[Web page caption snippets]
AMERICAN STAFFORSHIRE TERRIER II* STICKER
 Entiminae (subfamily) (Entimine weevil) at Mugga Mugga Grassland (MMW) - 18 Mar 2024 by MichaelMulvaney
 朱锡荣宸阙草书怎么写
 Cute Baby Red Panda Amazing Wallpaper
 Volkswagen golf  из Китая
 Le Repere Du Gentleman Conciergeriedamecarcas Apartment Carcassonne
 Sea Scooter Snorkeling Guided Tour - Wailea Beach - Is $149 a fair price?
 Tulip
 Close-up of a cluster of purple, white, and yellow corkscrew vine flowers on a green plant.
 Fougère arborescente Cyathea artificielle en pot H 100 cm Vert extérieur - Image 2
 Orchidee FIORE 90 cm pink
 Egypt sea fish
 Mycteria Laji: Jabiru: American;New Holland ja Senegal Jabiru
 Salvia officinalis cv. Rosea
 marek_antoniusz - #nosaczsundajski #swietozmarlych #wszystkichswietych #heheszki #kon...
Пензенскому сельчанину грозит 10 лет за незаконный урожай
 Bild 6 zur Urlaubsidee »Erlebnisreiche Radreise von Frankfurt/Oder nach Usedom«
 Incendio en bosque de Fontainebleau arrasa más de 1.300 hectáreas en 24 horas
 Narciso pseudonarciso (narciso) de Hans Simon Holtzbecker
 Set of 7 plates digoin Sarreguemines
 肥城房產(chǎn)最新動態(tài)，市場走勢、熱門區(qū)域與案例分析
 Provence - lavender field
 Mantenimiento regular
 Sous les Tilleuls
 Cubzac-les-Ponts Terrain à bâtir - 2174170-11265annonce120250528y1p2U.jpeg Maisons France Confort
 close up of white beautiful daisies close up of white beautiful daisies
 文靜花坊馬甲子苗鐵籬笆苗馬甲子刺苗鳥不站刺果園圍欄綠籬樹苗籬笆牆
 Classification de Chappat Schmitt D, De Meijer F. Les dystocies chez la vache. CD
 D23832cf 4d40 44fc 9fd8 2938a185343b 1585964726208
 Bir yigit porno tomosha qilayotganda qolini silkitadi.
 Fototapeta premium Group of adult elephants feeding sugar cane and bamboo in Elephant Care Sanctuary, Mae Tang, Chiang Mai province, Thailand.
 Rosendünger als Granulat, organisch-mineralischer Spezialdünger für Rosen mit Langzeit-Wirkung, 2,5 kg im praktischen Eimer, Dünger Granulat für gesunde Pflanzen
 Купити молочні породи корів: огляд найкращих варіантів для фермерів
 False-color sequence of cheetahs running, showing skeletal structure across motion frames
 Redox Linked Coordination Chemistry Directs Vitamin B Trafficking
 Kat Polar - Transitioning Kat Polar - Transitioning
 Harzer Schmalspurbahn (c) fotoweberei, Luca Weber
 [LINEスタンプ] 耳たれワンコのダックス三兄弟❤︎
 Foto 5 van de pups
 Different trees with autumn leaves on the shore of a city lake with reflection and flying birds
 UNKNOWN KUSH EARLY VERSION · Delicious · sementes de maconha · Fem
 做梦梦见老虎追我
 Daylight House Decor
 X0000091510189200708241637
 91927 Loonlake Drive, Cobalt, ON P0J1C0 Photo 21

-- TASK TO CARRY OUT --
Find the word "white" in the data and show each line that holds it.

-- YOUR RESPONSE --
 Close-up of a cluster of purple, white, and yellow corkscrew vine flowers on a green plant.
 close up of white beautiful daisies close up of white beautiful daisies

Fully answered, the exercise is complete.